“Cultural Defenses,” Crime, and Mistakes of Fact

In light of the discussion on the cultural defense / de minimis statute thread, it might be helpful to think of another area where culture is relevant under existing law: mistakes of fact.

Consider an example. Theft is often defined as taking another’s property, knowing that it is another’s property. If you take an umbrella from an umbrella stand thinking that it’s yours, and it turns out that it’s not, you’re not guilty of theft (though you might become guilty if you learn that it’s not yours and don’t properly return it, assuming the original owner could be found). Likewise, if you take property think that it’s abandoned, and it turns out that it’s not abandoned, you’re not guilty of theft. It doesn’t matter whether your belief was reasonable or not, so long as it was sincere (or, to be precise, so long as the jury thinks it was sincere, or has a reasonable doubt about the prosecution’s claim that you knew the property was someone else’s). A sincere mistake of fact thus means that you’re not guilty.
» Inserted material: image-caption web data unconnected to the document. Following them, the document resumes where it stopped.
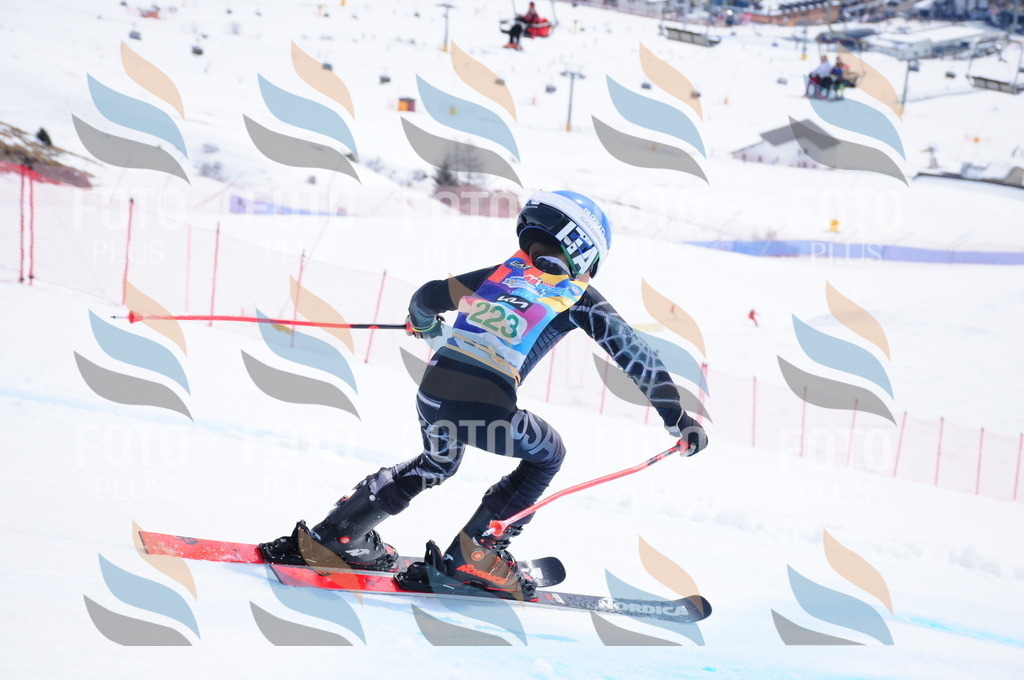 DSC_2042 | holidayphoto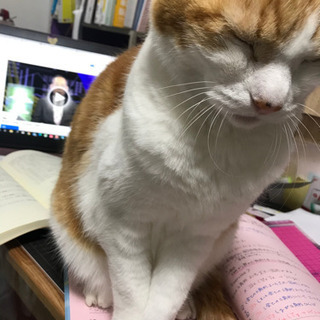 【家庭教師】募集再開致しましたの画像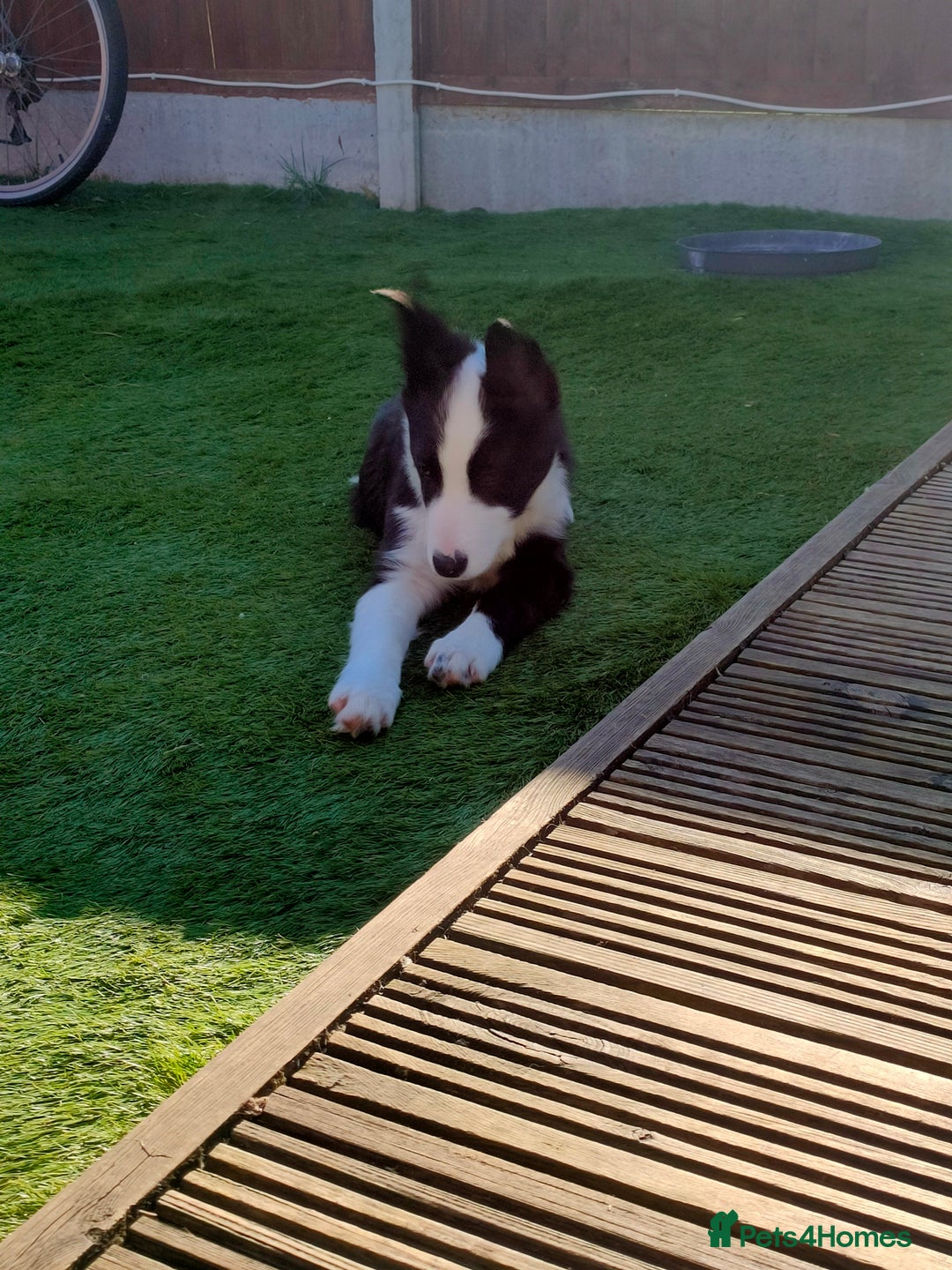 Border Collie dogs for sale: Dog for rehoming - Image 6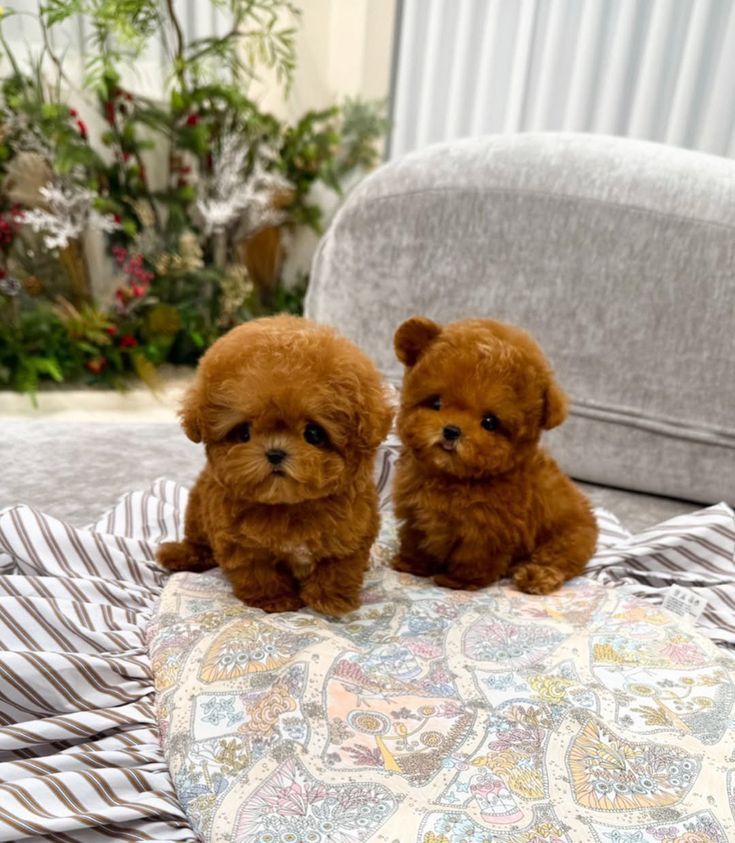 Image of Toy Poodle posted on 2022-08-22 04:07:05 from Mumbai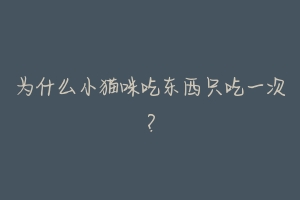 为什么小猫咪吃东西只吃一次？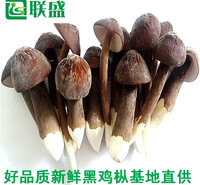 金乡县联盛菌业科技有限公司   黑皮鸡枞菌种植基地 一手货源 基地直供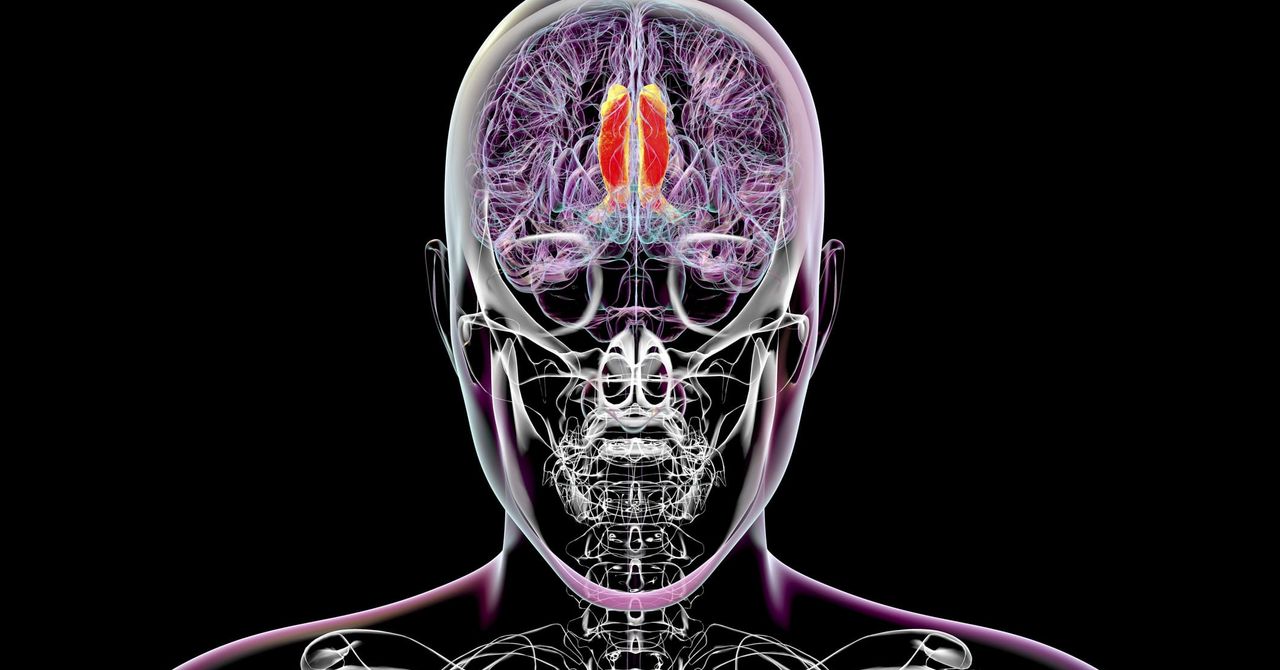 科学家们认为他们已经找到了大脑中调节有意识感知的区域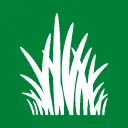 SDFA SDFA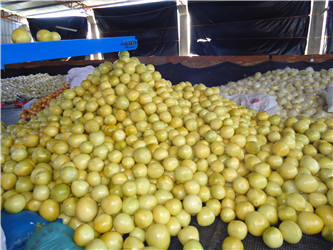 2014年平和琯溪蜜柚春季生产管理技术13850594096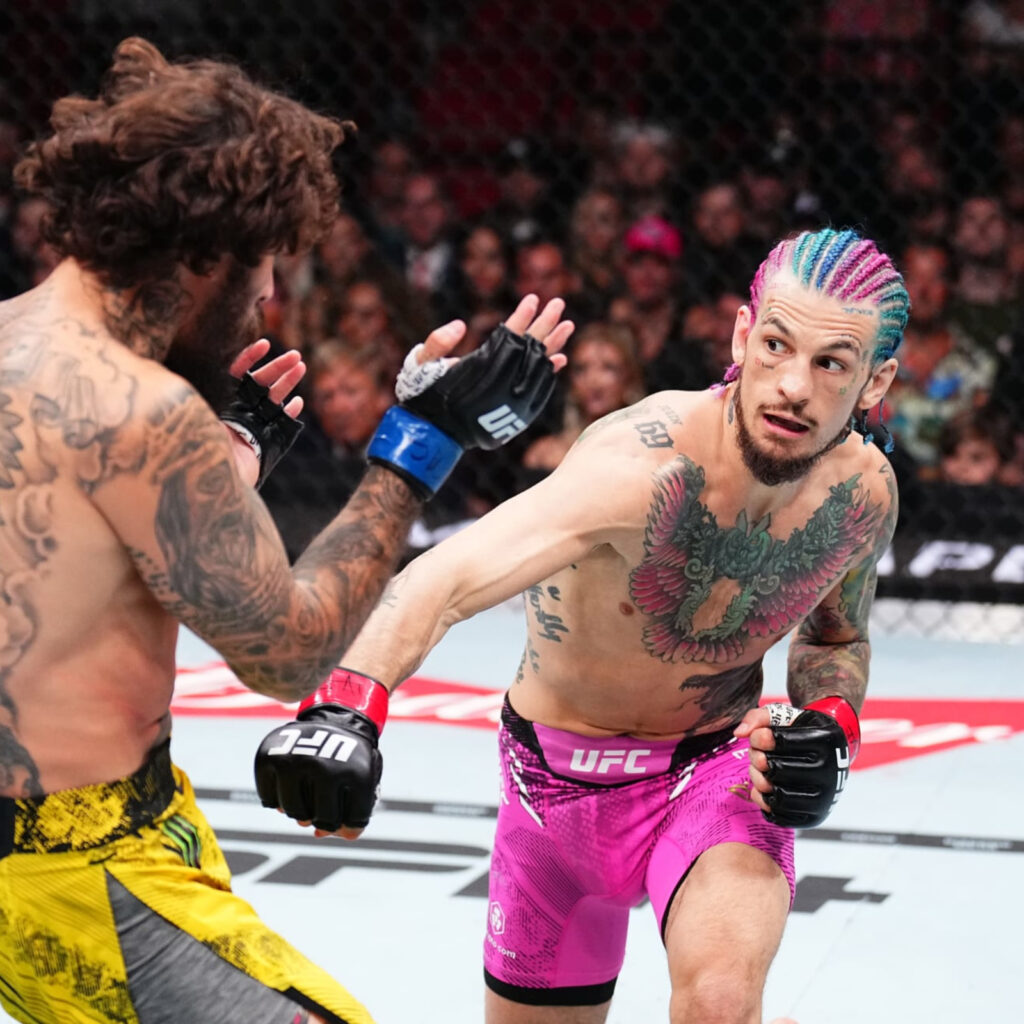 شان اومالی ستاره نوظهور UFC شان اومالی ستاره نوظهور UFC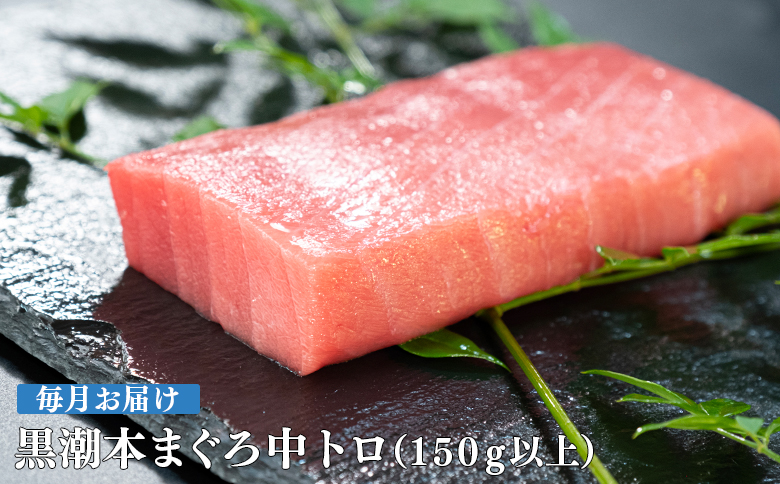 【定期便12回】日本一!黒潮本まぐろ 中トロ
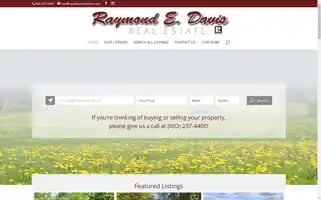 Raydavisrealestate.com Screenshot 2024-07-07 04:36:52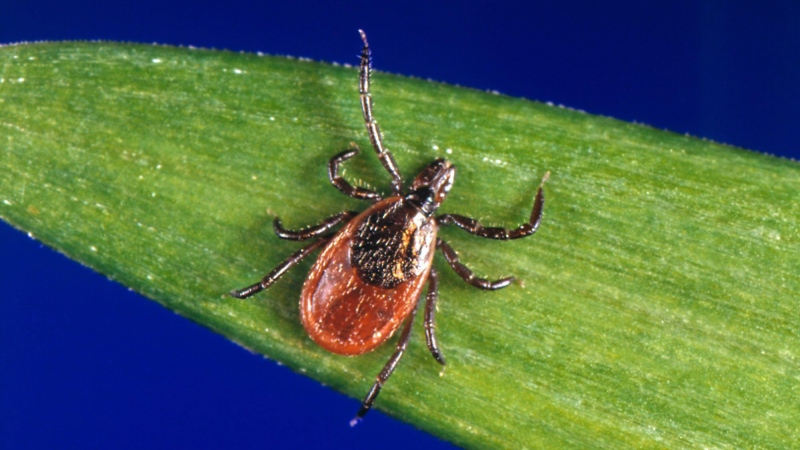 In this undated photo provided by the U.S. Centers for Disease Control and Prevention (CDC), a blacklegged tick - also known as a deer tick. (CDC via AP)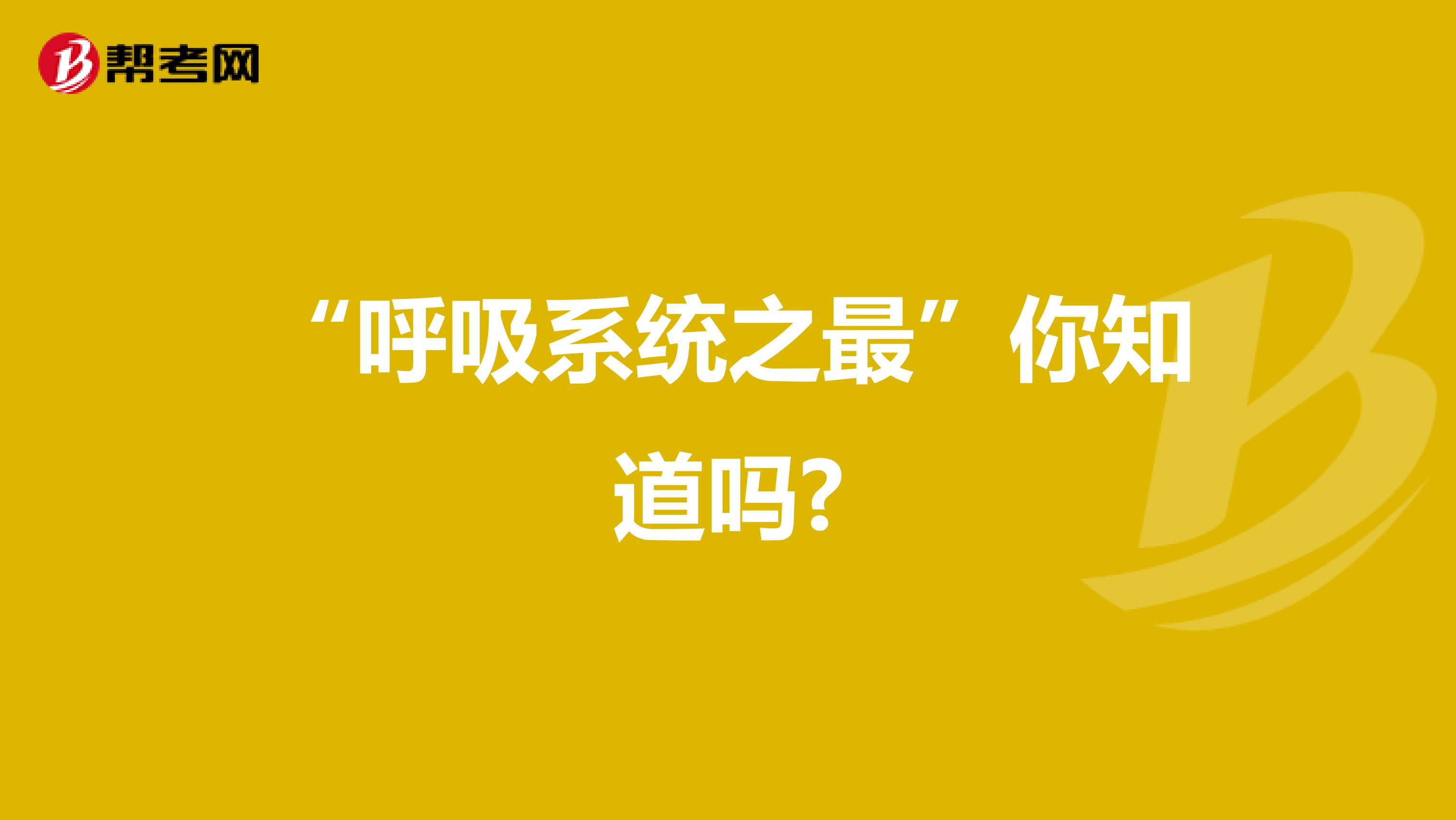 “呼吸系統之最”你知道嗎?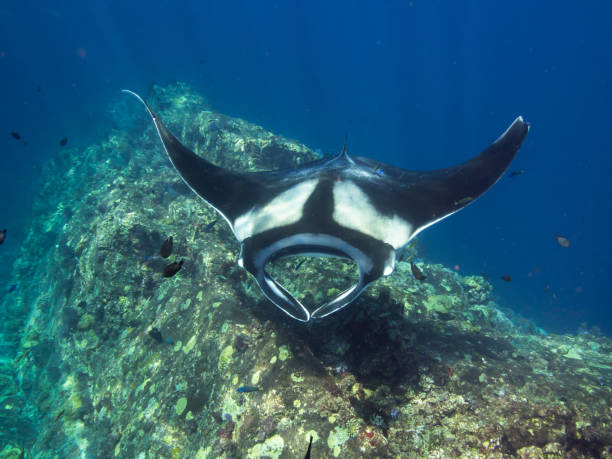 istock Giant manta ray enjoying a reef spa 679672618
Now let’s say that someone picks up a bunch of lumber from the side of the road, and when arrested for theft says “I thought it was abandoned.” It may well be that in our culture this might be an implausible story (let’s assume that this is so), so that the jury would think he’s lying. But say he’s a recent immigrant from a country (let’s call it Afghanistan) in which leaving lumber by the side of the road was a way to signal that anyone is free to take it, much like leaving an old couch or old refrigerator by the side of the road is in our culture often a signal that anyone is free to take it. That would be pretty strong evidence that he may well be telling the truth when he claims that he thought the lumber was abandoned.

Note that the principle that honest mistake of fact precludes liability for theft does not include any “cultural defense” as such. Nor is the claim that people from Afghanistan are entitled to some special legal rule to which native-born Americans (or Russians) are not. Nor is the claim that all people from Afghanistan necessarily believe that lumber left by the side of the road in America is abandoned. (Some might know the American custom.) Rather, the claim is simply that a person’s culture is relevant evidence in determining what he believed, and that this is relevant when the person’s belief is an element of the legal rule.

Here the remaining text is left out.